Eneas pobres hay muchos, desde luego. He conocido a bastantes a lo largo de los años, y de circunstancias muy distintas. Entre los más educados, Ibrahim, que nunca se aleja mucho de la Plaza del Ángel, como si estuviera buscando el desaparecido Callejón del Beso (vuelvan a Las Calles de Madrid, de Pedro de Repide); entre los mejor parados, Maru, quien tenía clarísimo que la calle duerme, agosta y, al final, mata si se está constantemente en ella en calidad de inquilino; entre los más astutos, una dama a quien llamo Azul por el color de sus ojos y se gana los cuartos en la ciudad subterránea del Metro. No son dados a decir, como el fraile y poeta Tomás de Celano, citando a Francisco de Asís: “antes se sube al cielo desde una choza que desde un palacio” (Vida primera). Lo suyo no es elección, claro y, si desemboca en forma de vida, desemboca obviamente por el a fuerza ahorcan; pero, siendo indudable –porque lo es– que nadie da más que los que menos tienen, mencionaré una situación que no suele aparecer en los medios, preocupados sólo por la inseguridad callejera en un extremo y las bondadosas patrañas del sistema en el otro.

Puede que hayan leído Romance de lobos, la segunda de las Comedias bárbaras de Ramón María del Valle-Inclán; en caso negativo, ya les vale. “Patriarcas haraposos, mujeres escuálidas, mozos lisiados” que “hablan en las tinieblas”; un ejército de mendigos que sale de entre “ruinas de quimera, donde hubiese por carcelero un alado dragón” y acompaña a Don Juan Manuel Montenegro durante sus tres jornadas. Pues bien, también hay huestes semejantes en nuestros días que, lejos de limitarse a poner la mano o andar tocando las narices, acompañan a gentes olvidadas de otro modo –ancianos solos, en general– e intentan que lleguen a buen puerto en los territorios que vigilan. El Liber vagatorum (1509) tendrá casi treinta categorías de habitantes de la calle, pero deja unas cuantas fuera, aunque no tantas como The Fraternity of Vagabonds, de John Awdeley (1561). La verdad tiende a estar más cerca de esas joyas de la literatura universal que son La Celestina (Francisco de Rojas), La vida del lazarillo de Tormes, el Guzmán de Alfarache (Mateo Alemán), Rinconete y Cortadillo (Cervantes), etcétera; pero hasta en ellas, ajenas del todo a los tonos rosados de los vagabundos de Kerouac, hay altruismo y largueza.

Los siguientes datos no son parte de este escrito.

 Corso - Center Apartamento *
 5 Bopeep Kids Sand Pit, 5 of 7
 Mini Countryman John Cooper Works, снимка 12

Cuesta creer que, estando como estamos en la segunda década del siglo XXI y corriendo hacia la tercera, tengan relevancia política las famosas discusiones de Domingo de Sotos y Juan de Robles sobre los abandonados por completo (empiecen por El gran debate sobre los pobres en el siglo XVI, de Félix Santolaria). Algo habrá pasado para que las grandes ciudades estén llenas de alfombras y felpudos que son personas; y algo está pasando para que la hueste crezca, ¿no creen? Piénsenlo cuando pasen por el barrio de Chacel y les ciegue el parque temático para turistas –quizá en sentido lógicamente crítico– o, si saben ver, la belleza pura, desde Giordano en San Antonio de los Alemanes hasta la fachada del Hospicio de San Fernando. Hay más mundos que esos; por haber, hay hasta romances de lobos. Y no tiene importancia que el Eneas de Maravillas fuera invención o prenda de retales diferentes. Lo que importa es que representa una realidad entera, en espera de soluciones.